Besides the football facilities at West Point — The Michie Stadium which fits about 38,000 people, a 20,000 square-foot-weight room and a nutrition bar — what also caught Sam Zagame’s eye was the type of defense the Army Black Knights run.
“They run a 3-4 defense, so it’s a run-heavy defense, and that’s what we’ve done here at Foundation for the last few years,” he said. “We run it a little different, but we’ve always been running a heavy defense. I think I’m going to fit perfectly with their defensive style.”
Foundation Academy head football coach Andre Walker is excited to see Sam Zagame play at the next level and is looking forward to see ing where his collegiate education — and football career — take him.
“Sam, to say the least, pretty much was the catalyst to our team,” he said. “It fits that he will be going to a school like that; the school suits him, I think it’s a solid fit. He’s a phenomenal football player but not just a football player, a (phenomenal) person. … He will work out very well in the defense that they provide, he loves to attack, and that’s what they do. As far as career-wise, you can’t ask for a better finish.”

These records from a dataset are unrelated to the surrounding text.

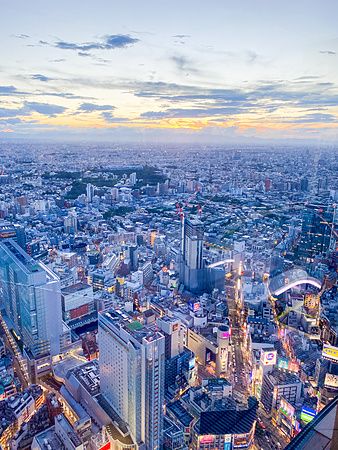 Ampia veduta panoramica della città di Tokyo al tramonto vista da Shibuya Sky.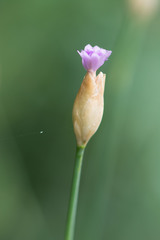 Petrorhagia nanteuilii
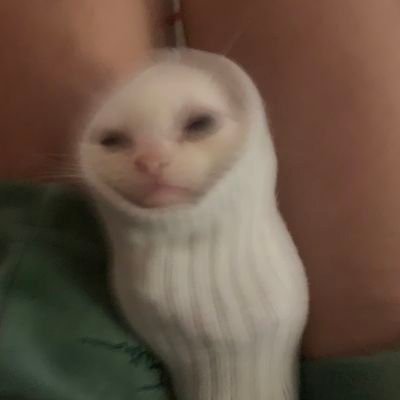 He/They?(figuring that one out)|
21|
18+ ONLY NO MINORS|
msg me if you sell queer content|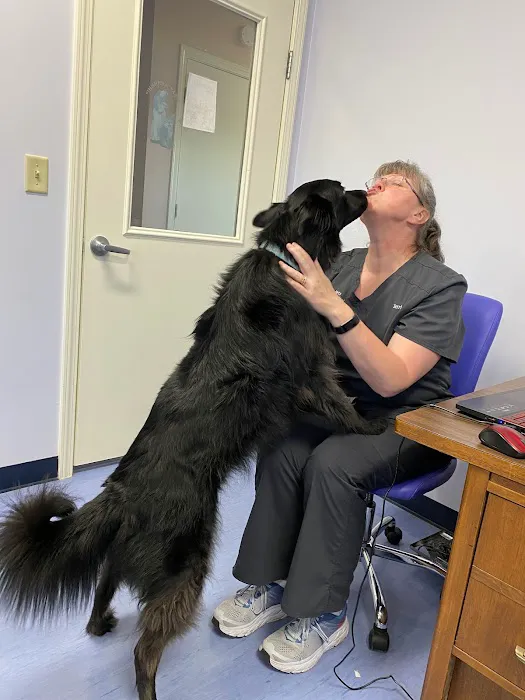 Care-Pets Animal Hospital & Wellness Center Picture 4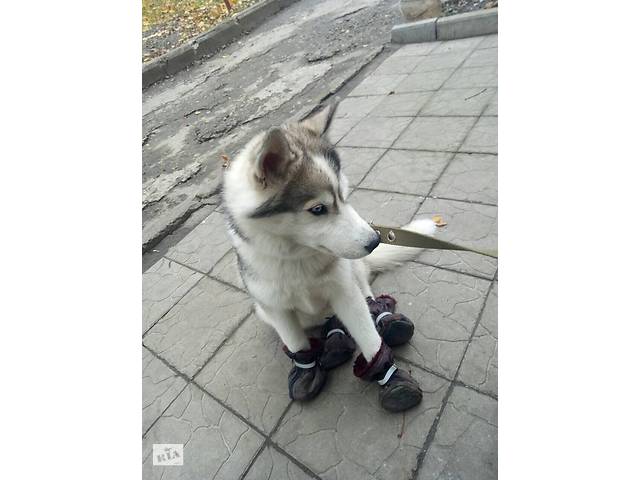 Продам щенка хаски. Срочно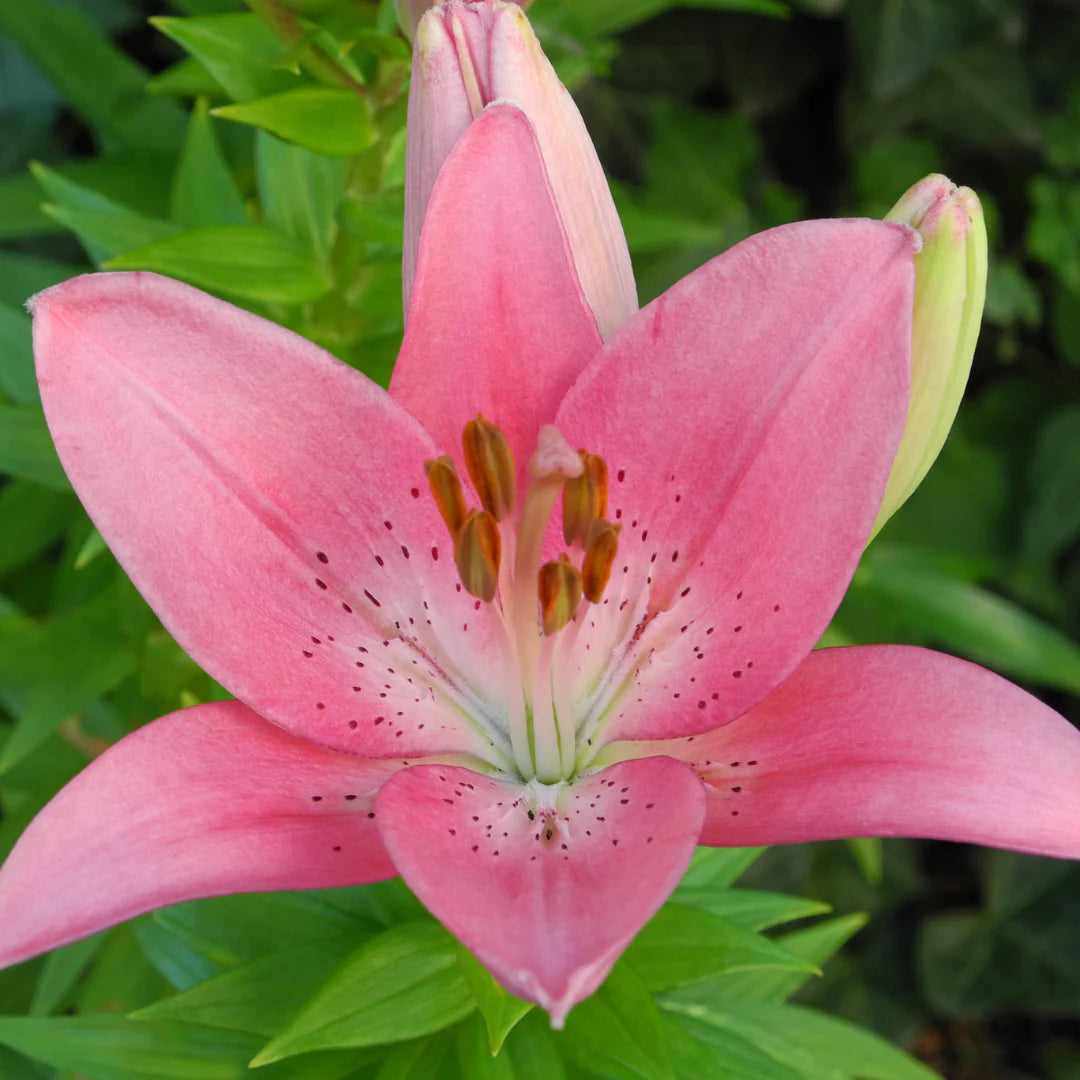 Lilium 'Pink Pixie' (asiatique/asiatic) - Lys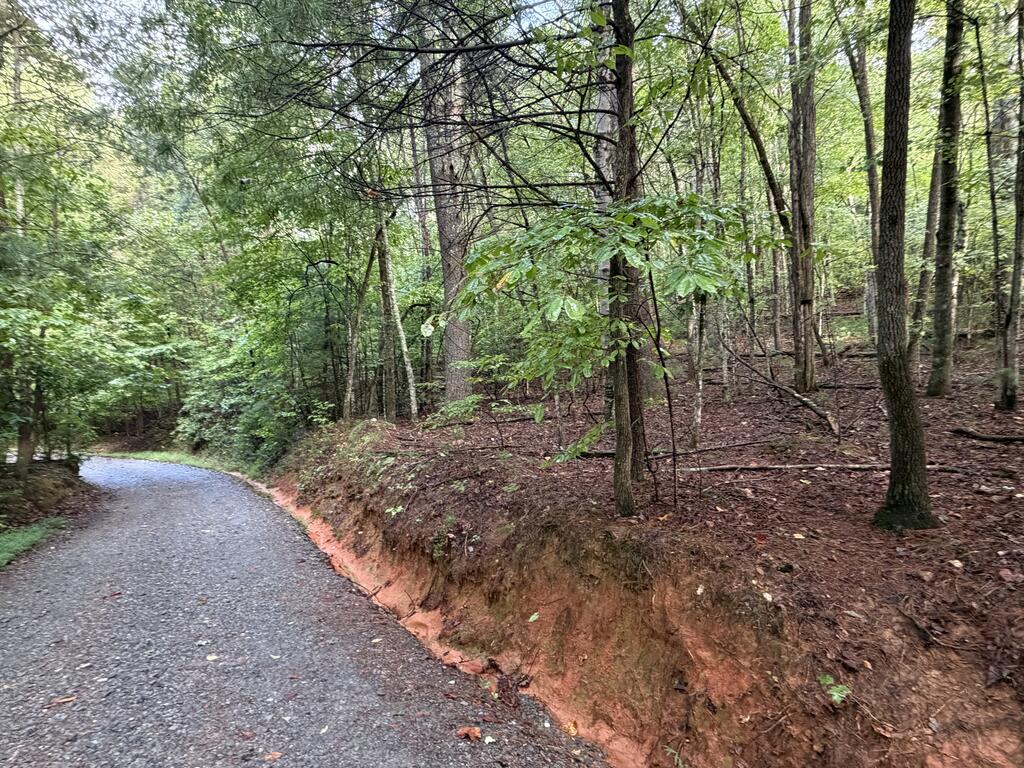 0 Peach Lane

On top of football however, West Point will offer much more to Sam Zagame — it will continue to hone in his leadership skills.

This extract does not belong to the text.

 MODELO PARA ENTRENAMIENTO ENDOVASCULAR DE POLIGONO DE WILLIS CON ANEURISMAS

“I asked the Lord to give Sam an opportunity that would be excellent for him,” his mother, Jennifer Zagame, said. “He’s so excited about the football program and the opportunity there. It fits his character and leadership that we know he already has displayed as a young man but, he is going to be growing into that and be taught by a phenomenal group of mentors there, so it really does fit every single aspect that we prayed about.”
After a long road in the recruitment process journey — and talking to several schools — Sam Zagame feels certain his decision will bring him myriad new experiences and will mold him into a better human being by the time he is ready to graduate.
“I’m looking forward to the tight knit group of guys that I’m going to be with,” he said. “(There) everyone has each other’s backs.”
Sam Zagame’s commitment to West Point also brings with it a five-year service term at the end of his college education, which will serve to place him within one of the 17 existing military branches, and even though he is unsure of what branch he’d like to go into, Sam Zagame is excited to become the next member of his family to serve his country.
A FAMILY OF SERVICE
With his decision of committing to West Point, Sam Zagame is following both his grandparents’ (Thomas Frick and Joe Zagame Sr.) footsteps — as they both served their country as part of the military back in the 1960s.
“I am so proud that Sam will be going to West Point,” Joe Zagame Sr. said. “He has worked so hard to become a great football player and a leader of his team. He will bring this same dedication to his time at West Point and will make a great soldier.”
Frick and Joe Zagame Sr. didn’t go to West Point. Instead, they both enrolled at the ROTC at their respective universities — Indiana University of Pennsylvania and Syracuse University, respectively.
For their first assignment as part of the military service, Frick and Joe Zagame Sr. were stationed at Fort Lee in Prince George County, Virginia.
“They became fast friends,” Jennifer Zagame said. “They stayed in touch through the years.”
An important lesson Joe Zagame Sr. learned through his years in the military — from January 1963 to 1965 and four years as part of the army reserve — was how important the military is and that leadership skills are necessary in order for it to work.
“Sam has been chosen to be at West Point, because he has showed he is a leader and a person of fine character,” he said. “His time at West Point will strengthen these traits and make him a part of a historic legacy of military greatness.”
Not only are Sam Zagame’s grandparents excited and proud of his achievement, but the entire family is.
“It’s such an honor,” Jennifer Zagame said. “We want him to be looked at of course as a football players but also as a person with leadership skills and intellectual capabilities that could be challenged and grown, and we just feel like this entire fit is really a fantastic package for Sam.”
When Joe Zagame Sr. found out his grandson will become part of West Point, he was overwhelmed with excitement.
“I don’t usually show my emotions, but when I got the news that (Sam) would go to West Point, I was flooded with tears of joy,” he said. “I love our country, and I’m proud that Sam will be part of the best military in the world.”
“I’m excited to follow in their footsteps,” Sam Zagame said about his grandparents. “I think it’s going to be great.”
To show his commitment, Sam Zagame signed a Letter of Intent early at his home Wednesday, Dec. 21, surrounded by his family.